Supplied information section start

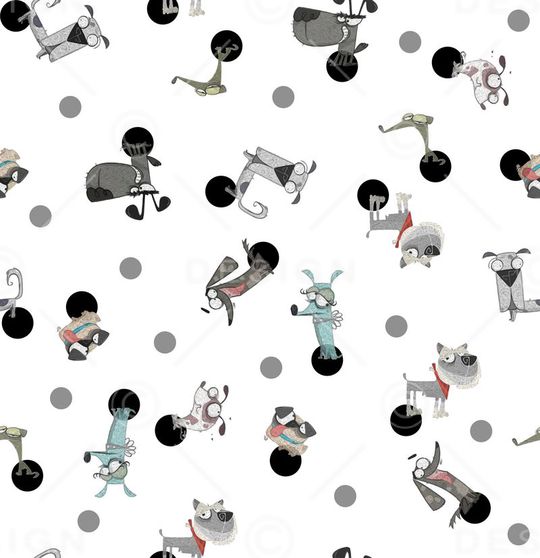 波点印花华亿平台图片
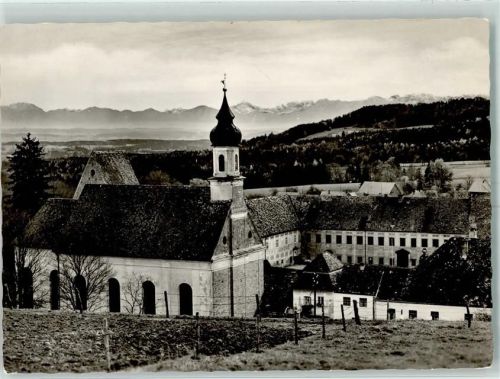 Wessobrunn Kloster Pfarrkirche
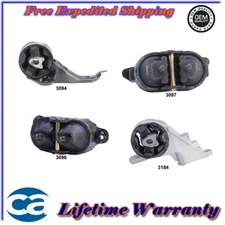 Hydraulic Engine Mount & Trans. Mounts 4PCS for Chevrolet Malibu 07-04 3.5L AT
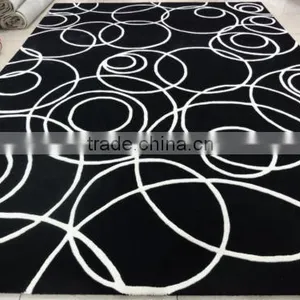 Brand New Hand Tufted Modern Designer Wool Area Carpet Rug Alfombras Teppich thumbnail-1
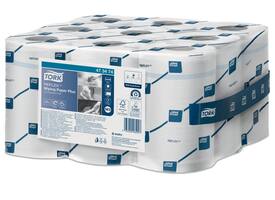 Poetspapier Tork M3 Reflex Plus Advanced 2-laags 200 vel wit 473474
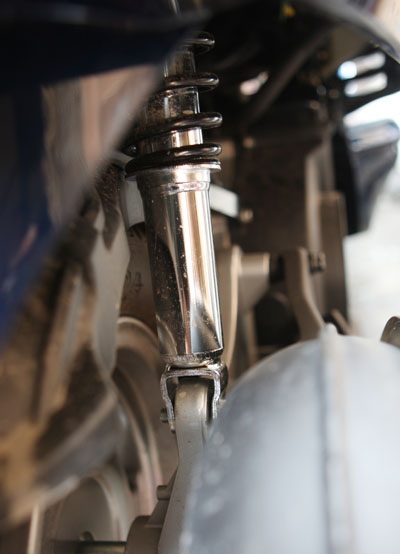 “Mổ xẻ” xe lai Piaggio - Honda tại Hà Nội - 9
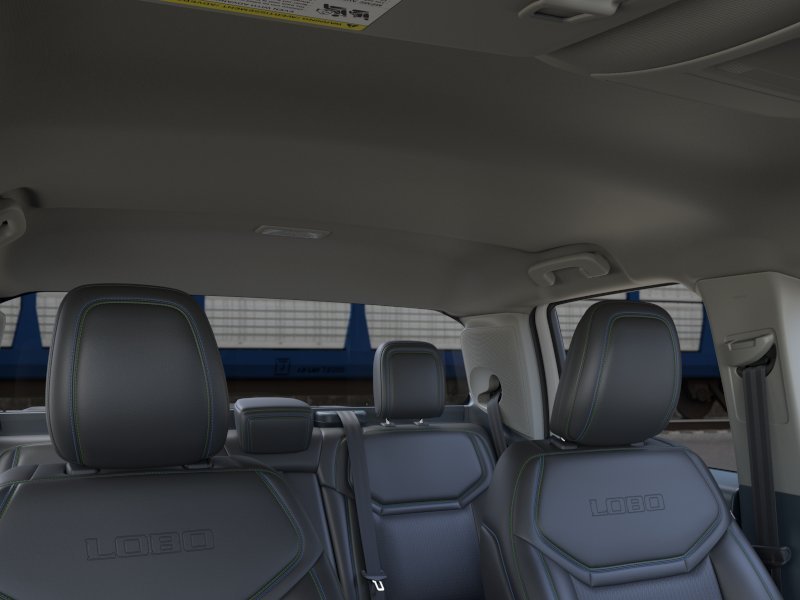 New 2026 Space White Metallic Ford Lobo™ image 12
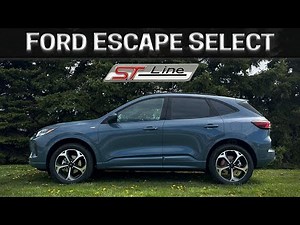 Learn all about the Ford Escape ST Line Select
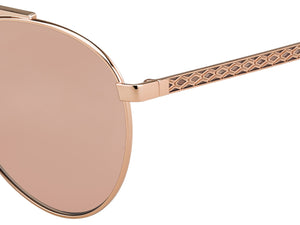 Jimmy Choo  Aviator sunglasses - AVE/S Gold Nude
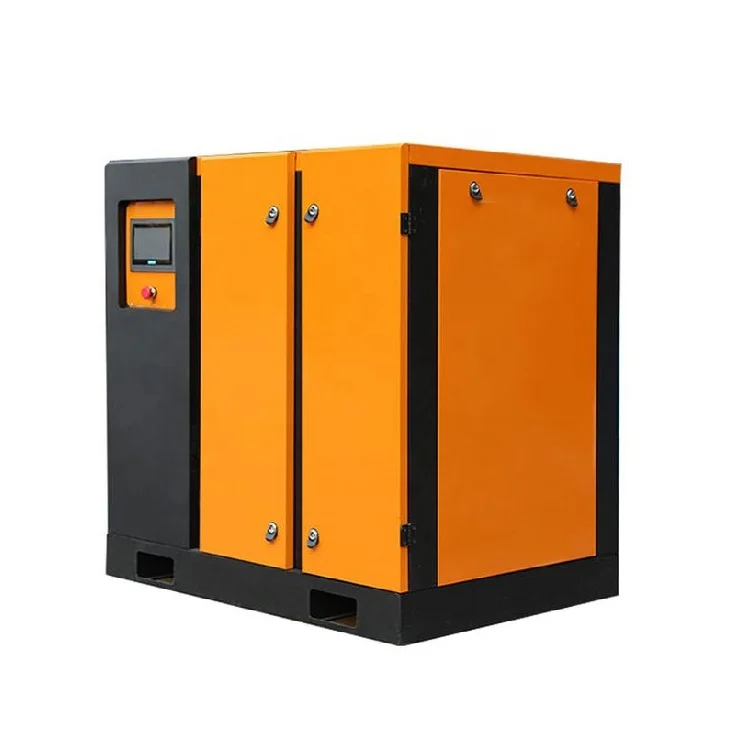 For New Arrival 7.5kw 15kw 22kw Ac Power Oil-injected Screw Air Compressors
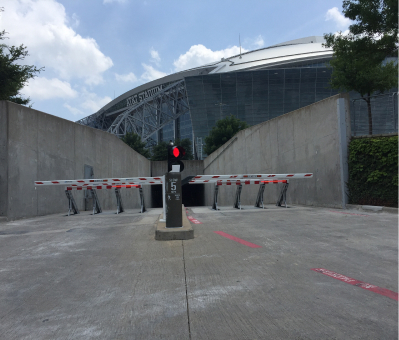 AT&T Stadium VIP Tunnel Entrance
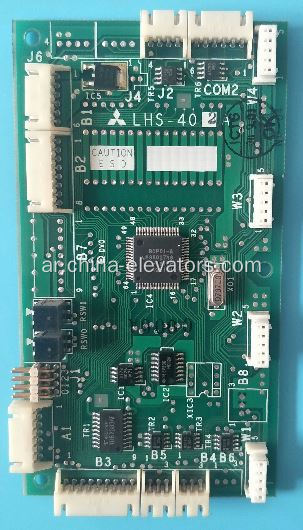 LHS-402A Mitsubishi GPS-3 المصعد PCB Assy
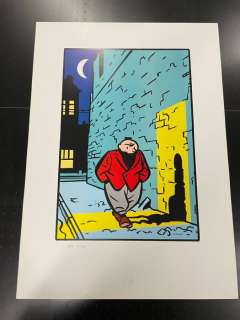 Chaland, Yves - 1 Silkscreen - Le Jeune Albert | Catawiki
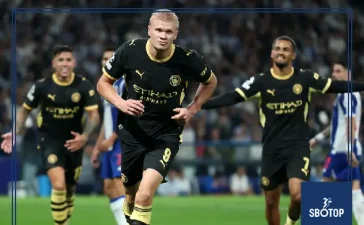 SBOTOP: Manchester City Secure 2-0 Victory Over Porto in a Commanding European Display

Supplied information section end

» Work item:
Give the data again exactly as it stands, apart from the pictures.

» Expected answer:
 波点印花华亿平台图片
 Wessobrunn Kloster Pfarrkirche
 Hydraulic Engine Mount & Trans. Mounts 4PCS for Chevrolet Malibu 07-04 3.5L AT
 Brand New Hand Tufted Modern Designer Wool Area Carpet Rug Alfombras Teppich thumbnail-1
 Poetspapier Tork M3 Reflex Plus Advanced 2-laags 200 vel wit 473474
 “Mổ xẻ” xe lai Piaggio - Honda tại Hà Nội - 9
 New 2026 Space White Metallic Ford Lobo™ image 12
 Learn all about the Ford Escape ST Line Select
 Jimmy Choo  Aviator sunglasses - AVE/S Gold Nude
 For New Arrival 7.5kw 15kw 22kw Ac Power Oil-injected Screw Air Compressors
 AT&T Stadium VIP Tunnel Entrance
 LHS-402A Mitsubishi GPS-3 المصعد PCB Assy
 Chaland, Yves - 1 Silkscreen - Le Jeune Albert | Catawiki
 SBOTOP: Manchester City Secure 2-0 Victory Over Porto in a Commanding European Display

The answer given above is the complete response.